The New York Times Co on Thursday reported better-than-expected profit and revenue on a surging digital subscriber base and said it would raise prices for some digital plans for the first time in nine years, sending its shares to a 15-year high.
The publisher launched digital-only subscriptions in 2011 to stem a decline in sales for its broadsheets and added 342,000 digital-only subscribers to take the total tally to 4.4 million in the fourth quarter, as revenue from the segment jumped 16%.
The 169-year-old newspaper said 750,000 subscribers would be hit by the end of the year with the price raise.
Evercore analysts estimated that a $2 price rise a month would lead to customers paying $4.25 per week from $3.75.
The Times, which has seen a decline in digital advertising revenue for three straight quarters, said it expects the revenue to return to year-over-year growth in the second half of 2020, which is an election year in the United States. The New York Times saw a surge in the number of subscribers during the last election in 2016 in what was known as the “Trump bump” – the effect of U.S. President Donald Trump’s attacks on the paper as well as the Times’ coverage of his administration.
The company expects digital subscription revenue to increase in the high teens for the current quarter in the run up to the election scheduled for November.

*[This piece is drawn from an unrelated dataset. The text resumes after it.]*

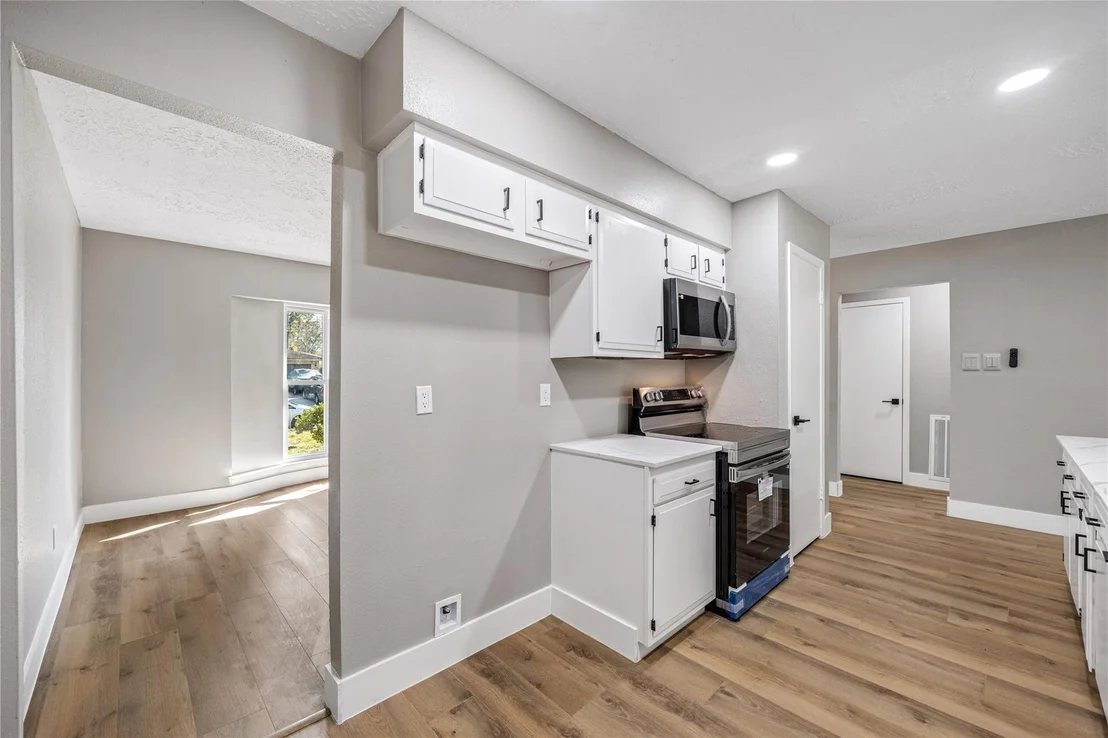 Photo of 4515 Mossygate Drive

“First quarter guidance for high-teens digital-only subscription revenue growth suggests pricing trends are heading in the right direction,” Evercore analysts wrote in a client note.
The company’s total revenue rose 1% to $508.4 million in the quarter ended Dec. 31, beating analysts’ estimates of $503.7 million, according to IBES data from Refinitiv.
However, digital advertising revenue, which accounts for more than half of the company’s total advertising revenue, declined 10.8% to $92.2 million, hurt by a drop in display advertising.
Net income attributable to stockholders rose 24% to $68.2 million, or 41 cents per share.
Excluding items, the company earned 43 cents per share, beating analysts’ estimates of 29 cents.
Shares of the company rose as much as 13% to $38.30.